At the University of Toronto, members of CUPE 3902 Unit 3 are rapidly approaching a strike deadline of December 8, 2022, having been without a Collective Agreement since August 31, 2021. I’m a sessional lecturer at the university as well as a proud member of the bargaining team. I’ve been an educator for three decades as well as a university lecturer for nine years, and, with one of the tools of my trade being storytelling, indulge me for a moment as I share a quick narrative.
Before Nickelback became a household name, members of this Canadian rock band were piecing together gigs here and there in the hope their grunge cover band at the time – Village Idiot – would bring in enough of an income that they wouldn’t have to get day jobs. The band’s drummer, Brandon Kroeger – also the cousin of lead singer Chad Kroeger – eventually gave up his drumsticks for a suit and tie, abandoning his dreams for economic predictability. Had Brandon hung in a bit longer he would now be a very wealthy man like his cousin, but one can hardly blame him for walking away from the precarity of his days as a Village Idiot.

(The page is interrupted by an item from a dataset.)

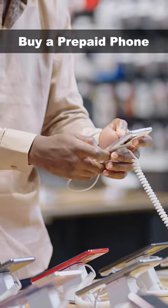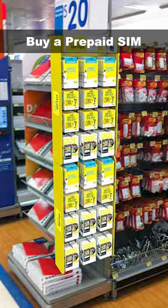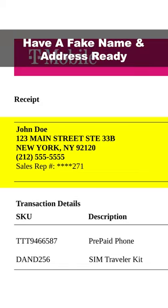Once at the store, purchase a prepaid smartphone — they usually cost between $60 and $120. Purchase a monthly pay-as-you-go SIM and traveler plan kit for as little as $15. Do not register the phone or SIM in your real name or with your real address. Have a fake name and address ready.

Our society generally accepts that there is a risk in pursuing a career in the arts, and indeed underappreciated artists have contended with precarity for centuries. Relatively recently, employers such as the University of Toronto decreed that academics should also be destined for Village Idiot lives of precarity and subsistence. Rather than creating employment opportunities that come with pension, benefits, and job security, the university has instead created groups of employees that have none of those “perks” and, in fact, cannot even count on their library cards or internet access extending beyond the length of their single-term contracts. There are three main reasons why the university forcing precarity on employees is a short-sighted approach: it diminishes employee loyalty and retention, it makes doing our work more challenging, and it erodes the overall quality of the services we deliver.
As a lecturer at the university, I’m passionate about and good at what I do. Based on the work alone, I’d be tempted to stay forever. As a single parent with two young children, though, I need more predictability and care than what’s on offer. Even with a full-time course load, the university sets a ceiling of $1775 on my Health Care Spending Account, which quickly evaporates when I start forking out funds for dental bills and prescription glasses. Before obtaining a doctorate to begin my work at the university, I had much more generous health care coverage as a public school teacher. I also had the promise of a stable pension, but at the university there’s no pension in sight. In what world does an employer think this insulting treatment correlates with employee loyalty and retention?
Like many members of CUPE 3902 Unit 3, my precarious employment at the University of Toronto leads directly to the need to juggle opportunities with multiple workplaces: a contract here, a CV update there, a day job here, an interview there. Rather than being fully supported in my work with my students, the fragility of my employment demands constant attention be given to seeking other income sources, lining up future job opportunities, and ensuring that my foot remains simultaneously in multiple doors. I’d love to attend more department meetings, to participate in research initiatives, and to stick around after the workday for informal chats around the water cooler. But why, oh why, University of Toronto, do you think I have time for all of that when you’re forcing me to book gig after gig rather than allowing me to have a more singular focus on the work you’re paying me to do?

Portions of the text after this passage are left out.